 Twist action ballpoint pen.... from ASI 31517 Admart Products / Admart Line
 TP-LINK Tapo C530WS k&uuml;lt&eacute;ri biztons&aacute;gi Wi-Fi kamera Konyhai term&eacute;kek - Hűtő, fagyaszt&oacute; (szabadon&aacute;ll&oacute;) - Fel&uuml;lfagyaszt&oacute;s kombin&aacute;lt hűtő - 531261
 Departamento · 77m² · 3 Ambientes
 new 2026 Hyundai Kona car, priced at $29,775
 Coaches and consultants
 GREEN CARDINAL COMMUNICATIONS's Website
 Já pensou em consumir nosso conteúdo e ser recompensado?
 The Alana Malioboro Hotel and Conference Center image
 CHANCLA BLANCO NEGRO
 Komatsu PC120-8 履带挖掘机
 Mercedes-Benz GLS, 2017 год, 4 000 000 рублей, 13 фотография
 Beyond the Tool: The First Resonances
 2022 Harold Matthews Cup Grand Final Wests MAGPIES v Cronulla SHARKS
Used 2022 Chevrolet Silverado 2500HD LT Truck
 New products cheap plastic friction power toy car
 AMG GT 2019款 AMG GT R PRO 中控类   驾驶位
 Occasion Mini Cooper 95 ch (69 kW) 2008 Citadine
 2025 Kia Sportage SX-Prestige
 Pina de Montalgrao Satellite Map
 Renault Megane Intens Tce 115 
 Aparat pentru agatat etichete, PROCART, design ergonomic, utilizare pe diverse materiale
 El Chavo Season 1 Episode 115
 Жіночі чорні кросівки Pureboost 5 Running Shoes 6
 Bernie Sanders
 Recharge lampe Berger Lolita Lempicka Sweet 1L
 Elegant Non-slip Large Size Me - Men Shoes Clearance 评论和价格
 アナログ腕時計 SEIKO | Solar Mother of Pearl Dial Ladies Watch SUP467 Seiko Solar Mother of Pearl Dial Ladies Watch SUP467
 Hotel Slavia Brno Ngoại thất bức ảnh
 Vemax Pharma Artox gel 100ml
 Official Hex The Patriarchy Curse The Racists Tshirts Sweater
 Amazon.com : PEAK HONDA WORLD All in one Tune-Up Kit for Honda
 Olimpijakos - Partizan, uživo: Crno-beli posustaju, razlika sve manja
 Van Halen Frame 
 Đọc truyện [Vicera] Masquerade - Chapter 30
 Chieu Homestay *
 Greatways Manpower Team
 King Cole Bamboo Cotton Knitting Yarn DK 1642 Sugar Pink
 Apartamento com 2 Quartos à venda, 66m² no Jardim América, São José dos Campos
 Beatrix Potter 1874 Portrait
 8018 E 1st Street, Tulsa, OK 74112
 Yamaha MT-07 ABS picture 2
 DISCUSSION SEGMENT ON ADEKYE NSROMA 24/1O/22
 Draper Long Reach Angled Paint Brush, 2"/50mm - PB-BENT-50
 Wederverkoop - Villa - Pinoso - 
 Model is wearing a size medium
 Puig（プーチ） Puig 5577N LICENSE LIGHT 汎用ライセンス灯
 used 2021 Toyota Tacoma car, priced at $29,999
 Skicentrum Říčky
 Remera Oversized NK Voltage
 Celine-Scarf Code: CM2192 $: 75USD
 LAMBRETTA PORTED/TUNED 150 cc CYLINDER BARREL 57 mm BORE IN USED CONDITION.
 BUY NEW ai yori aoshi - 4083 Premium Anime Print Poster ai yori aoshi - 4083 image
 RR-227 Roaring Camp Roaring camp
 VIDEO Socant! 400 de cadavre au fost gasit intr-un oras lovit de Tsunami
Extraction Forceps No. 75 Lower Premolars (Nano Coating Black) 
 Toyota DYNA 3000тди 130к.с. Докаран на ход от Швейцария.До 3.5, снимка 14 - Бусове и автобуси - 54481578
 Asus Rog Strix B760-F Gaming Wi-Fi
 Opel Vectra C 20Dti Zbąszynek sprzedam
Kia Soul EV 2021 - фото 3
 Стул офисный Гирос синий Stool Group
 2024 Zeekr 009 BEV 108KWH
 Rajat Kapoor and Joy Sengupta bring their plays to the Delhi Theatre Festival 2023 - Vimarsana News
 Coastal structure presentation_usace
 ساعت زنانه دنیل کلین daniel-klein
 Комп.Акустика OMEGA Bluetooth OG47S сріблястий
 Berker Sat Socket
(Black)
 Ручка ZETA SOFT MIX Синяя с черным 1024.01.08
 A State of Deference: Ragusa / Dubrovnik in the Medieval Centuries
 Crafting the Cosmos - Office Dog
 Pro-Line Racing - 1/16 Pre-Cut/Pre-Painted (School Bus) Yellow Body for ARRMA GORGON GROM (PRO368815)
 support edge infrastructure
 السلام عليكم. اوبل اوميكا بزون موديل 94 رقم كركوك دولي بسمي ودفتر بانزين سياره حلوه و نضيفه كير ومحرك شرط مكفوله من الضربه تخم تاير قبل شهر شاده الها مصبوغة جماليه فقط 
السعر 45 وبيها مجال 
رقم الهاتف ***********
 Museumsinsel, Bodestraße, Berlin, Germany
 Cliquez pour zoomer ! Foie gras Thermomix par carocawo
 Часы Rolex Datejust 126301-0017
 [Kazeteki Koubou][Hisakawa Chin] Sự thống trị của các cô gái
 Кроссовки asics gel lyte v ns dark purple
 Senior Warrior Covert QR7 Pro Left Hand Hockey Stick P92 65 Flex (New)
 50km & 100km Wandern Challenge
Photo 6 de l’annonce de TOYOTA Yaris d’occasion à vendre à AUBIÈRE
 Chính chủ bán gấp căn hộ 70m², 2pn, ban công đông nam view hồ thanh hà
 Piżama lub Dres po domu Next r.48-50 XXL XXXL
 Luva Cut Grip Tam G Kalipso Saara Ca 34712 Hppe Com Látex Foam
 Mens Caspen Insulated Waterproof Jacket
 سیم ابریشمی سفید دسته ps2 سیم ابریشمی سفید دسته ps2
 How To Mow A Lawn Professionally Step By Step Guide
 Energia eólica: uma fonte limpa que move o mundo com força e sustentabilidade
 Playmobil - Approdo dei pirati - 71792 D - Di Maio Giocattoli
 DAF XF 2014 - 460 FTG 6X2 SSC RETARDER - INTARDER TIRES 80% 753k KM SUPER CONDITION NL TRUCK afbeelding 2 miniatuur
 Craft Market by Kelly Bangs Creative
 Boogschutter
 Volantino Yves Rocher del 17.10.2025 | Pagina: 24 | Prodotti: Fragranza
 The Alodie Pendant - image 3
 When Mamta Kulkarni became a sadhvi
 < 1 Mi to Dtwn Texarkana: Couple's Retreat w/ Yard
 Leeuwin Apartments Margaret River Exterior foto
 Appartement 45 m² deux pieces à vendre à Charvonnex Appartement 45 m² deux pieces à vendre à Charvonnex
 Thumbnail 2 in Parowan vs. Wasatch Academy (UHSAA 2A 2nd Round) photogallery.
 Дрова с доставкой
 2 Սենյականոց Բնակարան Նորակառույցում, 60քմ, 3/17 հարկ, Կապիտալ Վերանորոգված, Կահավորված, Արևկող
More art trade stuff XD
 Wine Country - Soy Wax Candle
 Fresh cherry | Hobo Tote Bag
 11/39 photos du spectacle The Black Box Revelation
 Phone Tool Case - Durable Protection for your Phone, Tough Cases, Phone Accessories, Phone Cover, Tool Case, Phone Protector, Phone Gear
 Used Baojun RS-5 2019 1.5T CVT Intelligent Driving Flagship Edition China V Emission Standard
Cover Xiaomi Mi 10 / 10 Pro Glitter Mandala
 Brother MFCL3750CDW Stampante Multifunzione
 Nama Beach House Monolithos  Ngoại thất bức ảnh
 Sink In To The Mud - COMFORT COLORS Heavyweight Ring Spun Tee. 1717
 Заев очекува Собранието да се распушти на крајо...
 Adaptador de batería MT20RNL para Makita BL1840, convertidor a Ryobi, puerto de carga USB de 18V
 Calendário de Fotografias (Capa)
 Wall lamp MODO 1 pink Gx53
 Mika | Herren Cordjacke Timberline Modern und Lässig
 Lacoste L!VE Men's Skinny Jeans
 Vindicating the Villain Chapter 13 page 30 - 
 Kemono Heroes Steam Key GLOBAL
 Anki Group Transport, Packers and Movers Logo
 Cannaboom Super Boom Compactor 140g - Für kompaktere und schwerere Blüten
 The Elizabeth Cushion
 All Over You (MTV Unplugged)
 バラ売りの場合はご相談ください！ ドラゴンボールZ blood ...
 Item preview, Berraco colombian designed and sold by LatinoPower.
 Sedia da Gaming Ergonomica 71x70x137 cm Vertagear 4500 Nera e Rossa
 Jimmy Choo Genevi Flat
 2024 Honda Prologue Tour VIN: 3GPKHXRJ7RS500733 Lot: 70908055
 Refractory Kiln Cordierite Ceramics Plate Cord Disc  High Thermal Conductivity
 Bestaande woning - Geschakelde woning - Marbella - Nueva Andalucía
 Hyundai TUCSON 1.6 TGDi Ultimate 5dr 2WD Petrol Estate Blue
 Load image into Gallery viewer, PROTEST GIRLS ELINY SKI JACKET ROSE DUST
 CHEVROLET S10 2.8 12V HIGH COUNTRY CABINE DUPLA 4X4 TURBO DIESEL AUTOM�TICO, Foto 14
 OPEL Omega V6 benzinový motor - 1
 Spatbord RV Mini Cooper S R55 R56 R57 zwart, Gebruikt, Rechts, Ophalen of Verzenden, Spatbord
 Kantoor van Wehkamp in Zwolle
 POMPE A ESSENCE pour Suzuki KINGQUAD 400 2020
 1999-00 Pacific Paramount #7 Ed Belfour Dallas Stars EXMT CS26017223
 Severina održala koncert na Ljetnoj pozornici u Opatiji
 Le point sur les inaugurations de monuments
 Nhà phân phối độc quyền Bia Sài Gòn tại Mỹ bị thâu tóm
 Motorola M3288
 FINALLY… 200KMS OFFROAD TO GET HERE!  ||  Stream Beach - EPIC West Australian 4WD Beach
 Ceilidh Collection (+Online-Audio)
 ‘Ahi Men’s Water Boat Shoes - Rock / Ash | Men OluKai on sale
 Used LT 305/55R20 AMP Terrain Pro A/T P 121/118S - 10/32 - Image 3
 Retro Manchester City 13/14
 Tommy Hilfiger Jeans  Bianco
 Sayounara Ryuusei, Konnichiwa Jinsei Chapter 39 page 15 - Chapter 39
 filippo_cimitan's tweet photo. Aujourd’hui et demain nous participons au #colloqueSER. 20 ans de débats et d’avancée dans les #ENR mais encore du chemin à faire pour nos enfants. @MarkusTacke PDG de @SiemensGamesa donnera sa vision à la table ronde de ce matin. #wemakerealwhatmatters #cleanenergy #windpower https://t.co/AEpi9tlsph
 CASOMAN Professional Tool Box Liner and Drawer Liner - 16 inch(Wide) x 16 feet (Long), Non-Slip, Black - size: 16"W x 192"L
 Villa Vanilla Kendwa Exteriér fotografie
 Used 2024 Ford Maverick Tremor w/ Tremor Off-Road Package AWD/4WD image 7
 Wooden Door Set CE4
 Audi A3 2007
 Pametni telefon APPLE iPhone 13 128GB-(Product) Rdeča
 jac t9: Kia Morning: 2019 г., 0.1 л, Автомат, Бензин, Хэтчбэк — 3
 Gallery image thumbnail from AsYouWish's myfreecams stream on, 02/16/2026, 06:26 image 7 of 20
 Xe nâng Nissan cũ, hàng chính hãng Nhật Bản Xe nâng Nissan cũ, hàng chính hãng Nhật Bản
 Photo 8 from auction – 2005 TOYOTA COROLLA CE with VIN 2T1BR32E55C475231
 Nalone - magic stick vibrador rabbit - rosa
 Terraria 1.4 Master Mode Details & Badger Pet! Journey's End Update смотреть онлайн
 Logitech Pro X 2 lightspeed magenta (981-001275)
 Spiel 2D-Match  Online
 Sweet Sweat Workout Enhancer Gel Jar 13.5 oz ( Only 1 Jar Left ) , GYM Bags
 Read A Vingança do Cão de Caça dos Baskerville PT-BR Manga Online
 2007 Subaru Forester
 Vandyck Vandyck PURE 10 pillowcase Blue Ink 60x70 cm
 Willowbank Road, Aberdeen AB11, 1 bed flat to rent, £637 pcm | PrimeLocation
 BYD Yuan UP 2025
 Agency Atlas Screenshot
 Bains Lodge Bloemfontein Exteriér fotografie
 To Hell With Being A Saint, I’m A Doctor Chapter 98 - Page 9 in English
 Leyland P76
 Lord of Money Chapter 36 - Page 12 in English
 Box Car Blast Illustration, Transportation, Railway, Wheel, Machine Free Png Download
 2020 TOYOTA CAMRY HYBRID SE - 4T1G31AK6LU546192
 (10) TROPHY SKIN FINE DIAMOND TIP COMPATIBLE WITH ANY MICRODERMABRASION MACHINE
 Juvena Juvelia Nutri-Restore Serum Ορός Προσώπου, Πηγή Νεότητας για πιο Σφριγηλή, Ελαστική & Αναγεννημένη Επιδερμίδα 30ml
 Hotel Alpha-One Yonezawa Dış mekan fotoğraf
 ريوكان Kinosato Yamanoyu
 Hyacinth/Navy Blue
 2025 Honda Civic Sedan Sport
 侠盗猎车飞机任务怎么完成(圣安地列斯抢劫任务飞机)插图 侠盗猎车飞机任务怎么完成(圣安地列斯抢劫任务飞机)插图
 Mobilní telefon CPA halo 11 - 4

* [Task to complete] Copy out each line of the data containing the string "Black".

* [Reply to the exercise]
Extraction Forceps No. 75 Lower Premolars (Nano Coating Black) 
(Black)
 11/39 photos du spectacle The Black Box Revelation
 CASOMAN Professional Tool Box Liner and Drawer Liner - 16 inch(Wide) x 16 feet (Long), Non-Slip, Black - size: 16"W x 192"L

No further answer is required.